§ **DATA IN THIS EXERCISE**
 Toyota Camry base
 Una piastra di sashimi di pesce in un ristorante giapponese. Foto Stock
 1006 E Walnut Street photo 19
==
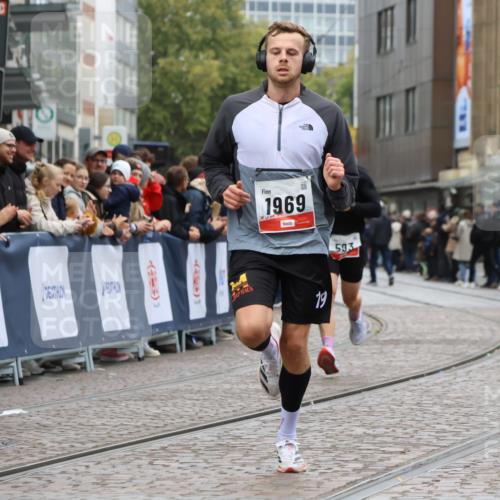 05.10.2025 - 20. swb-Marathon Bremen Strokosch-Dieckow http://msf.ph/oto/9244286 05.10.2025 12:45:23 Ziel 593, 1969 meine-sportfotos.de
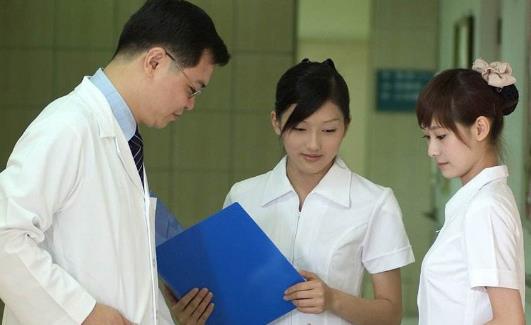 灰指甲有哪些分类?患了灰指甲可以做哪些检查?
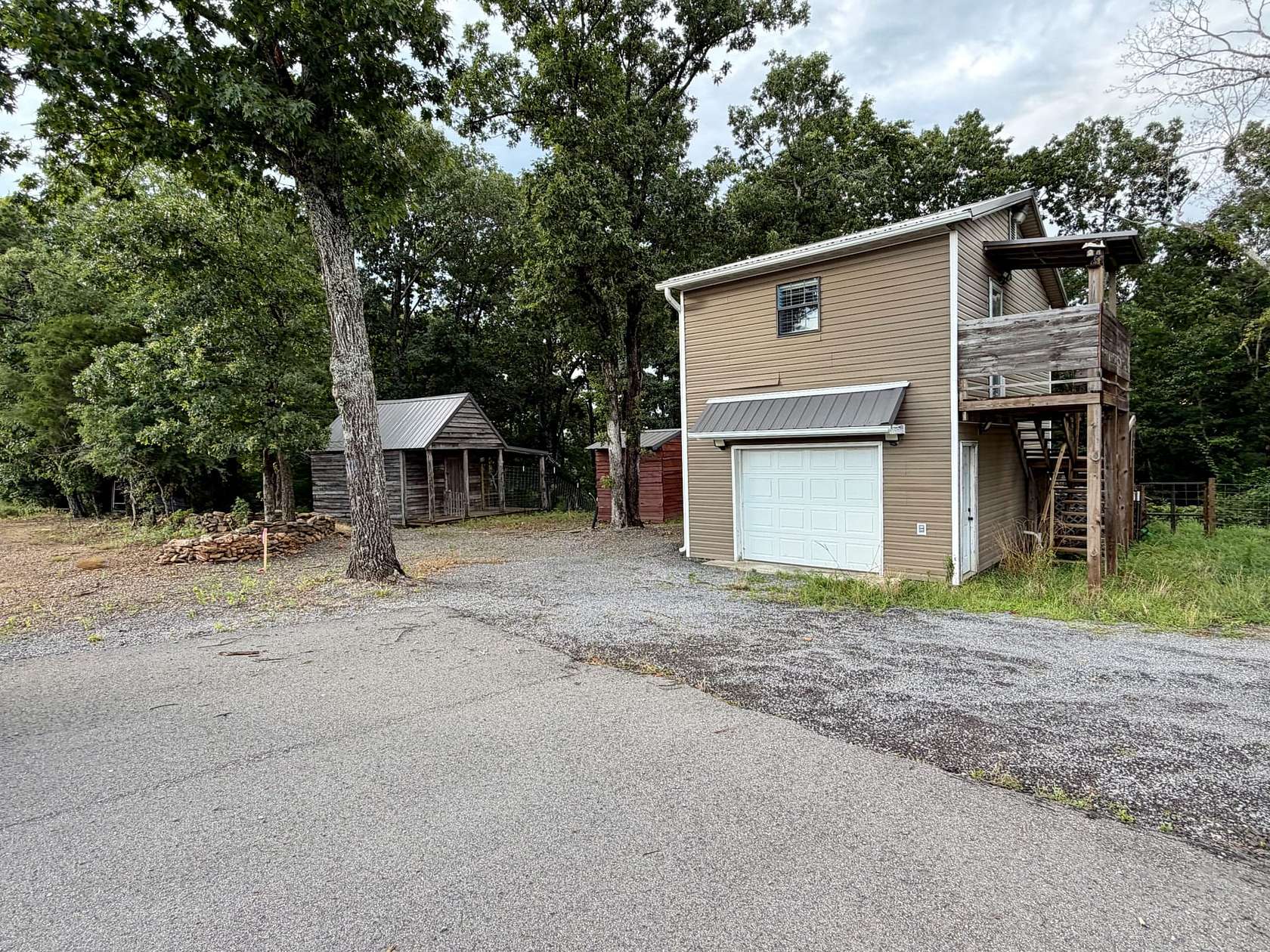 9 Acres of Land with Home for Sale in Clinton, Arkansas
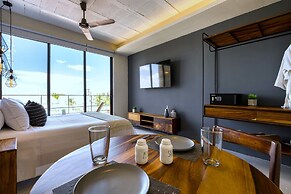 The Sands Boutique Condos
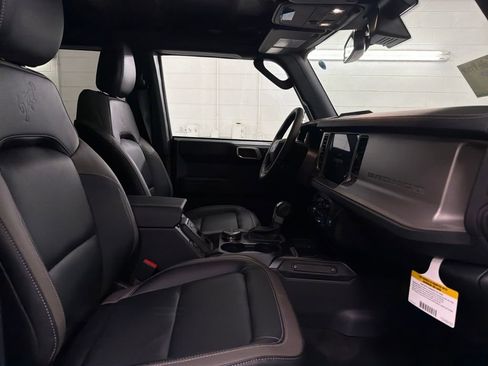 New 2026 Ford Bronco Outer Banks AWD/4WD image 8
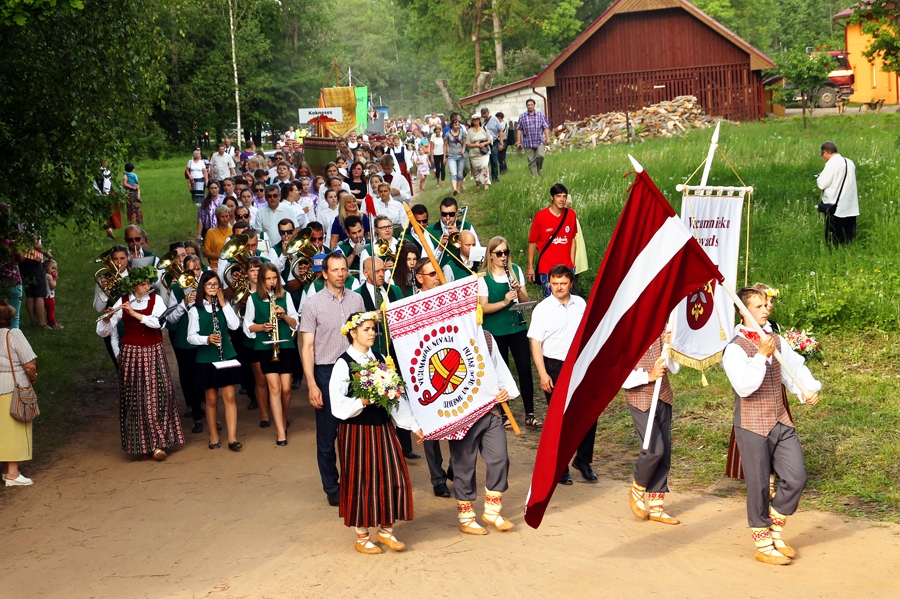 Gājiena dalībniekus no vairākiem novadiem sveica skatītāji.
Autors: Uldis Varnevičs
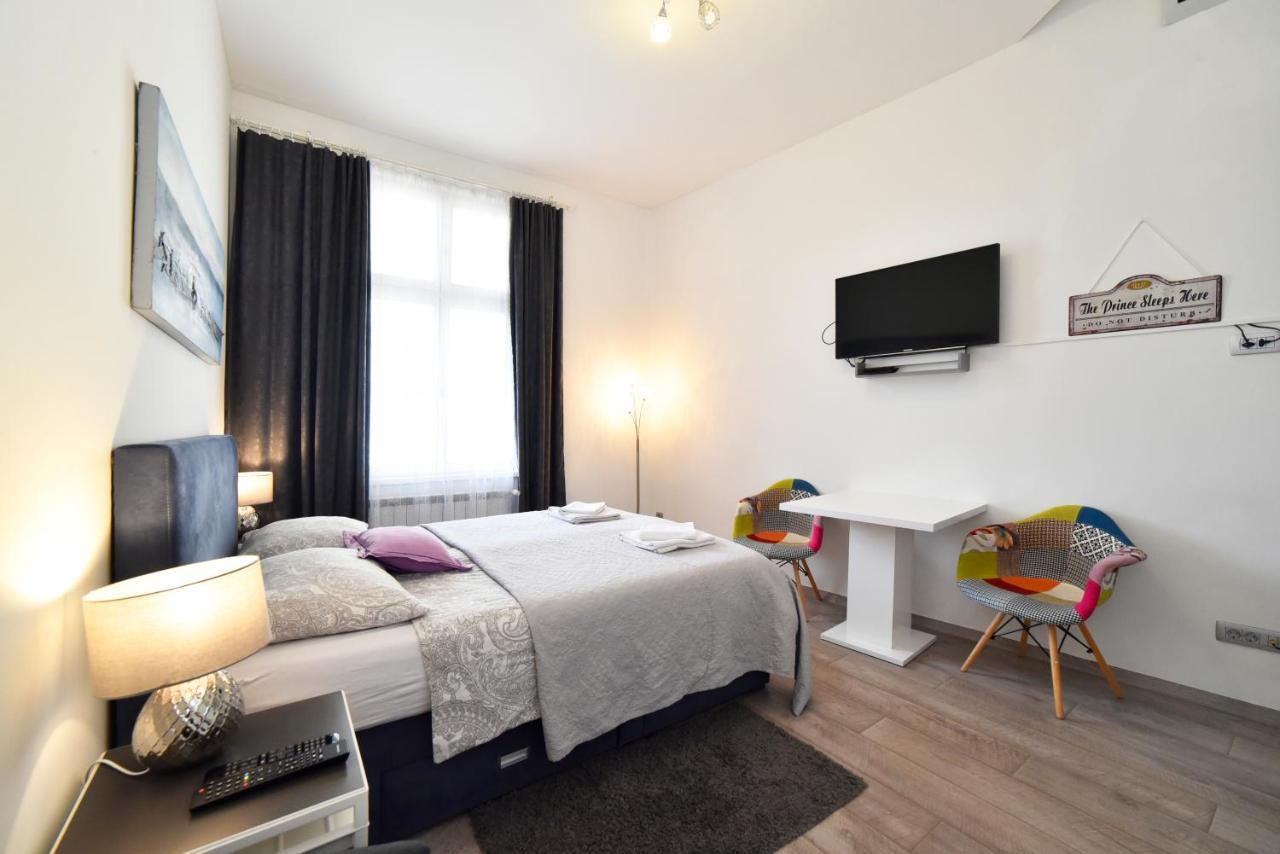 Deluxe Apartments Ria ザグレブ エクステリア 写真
--
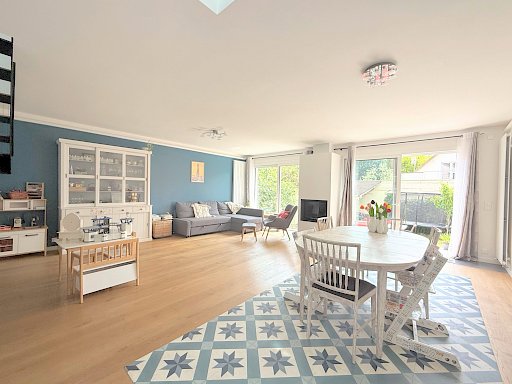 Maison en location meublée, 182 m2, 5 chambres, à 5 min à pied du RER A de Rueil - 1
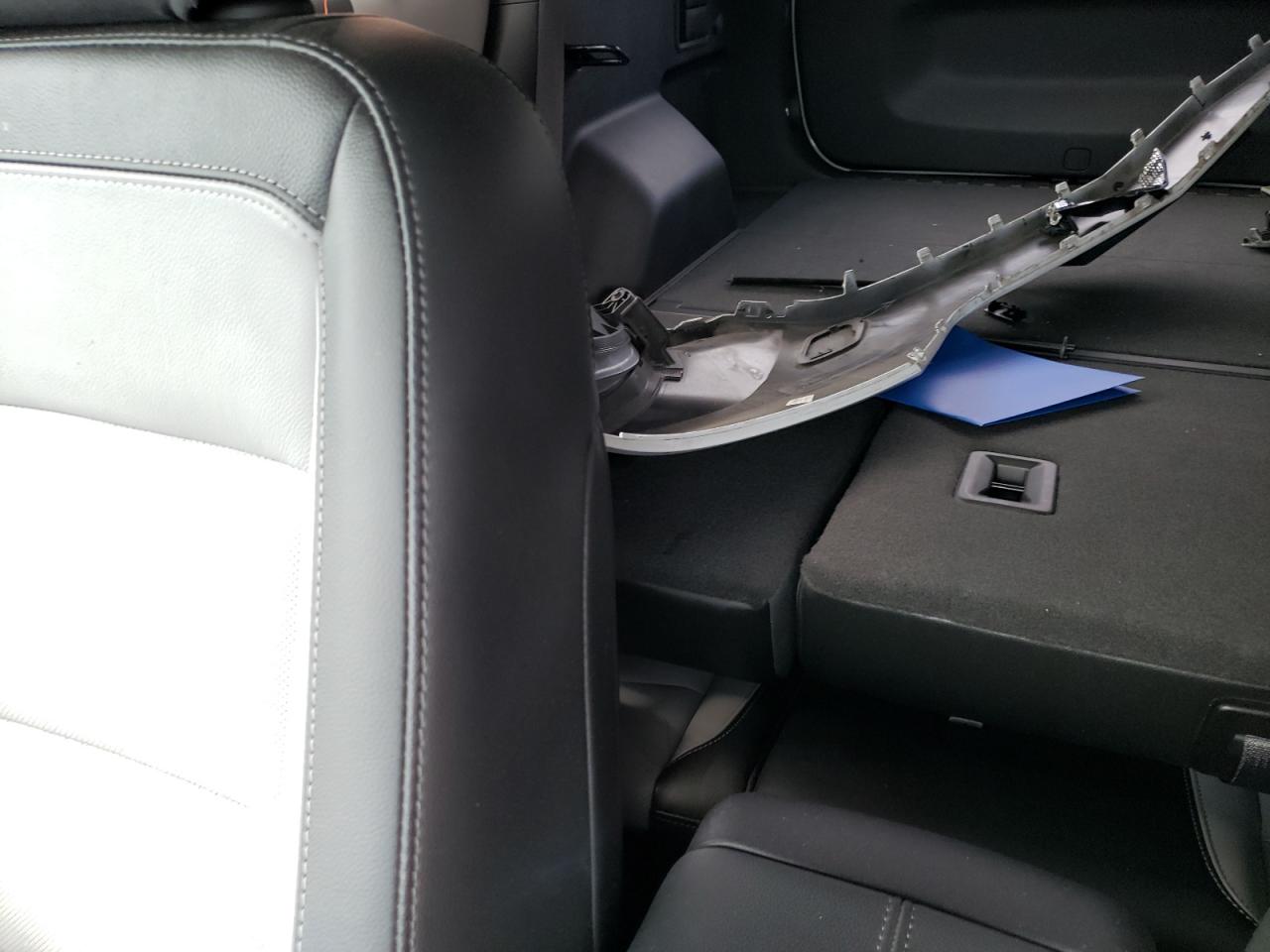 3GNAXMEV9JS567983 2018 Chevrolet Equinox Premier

§ **YOUR INSTRUCTIONS**
In the records above, find the line with "9 Acres of Land" and the line with "Deluxe Apartments Ria ザグレブ エクステリア 写真"; please transcribe exactly those two lines and all lines between them, omitting any picture.

§ **RESULT FOR THIS EXERCISE**
 9 Acres of Land with Home for Sale in Clinton, Arkansas
 The Sands Boutique Condos
 New 2026 Ford Bronco Outer Banks AWD/4WD image 8
 Gājiena dalībniekus no vairākiem novadiem sveica skatītāji.
Autors: Uldis Varnevičs
 Deluxe Apartments Ria ザグレブ エクステリア 写真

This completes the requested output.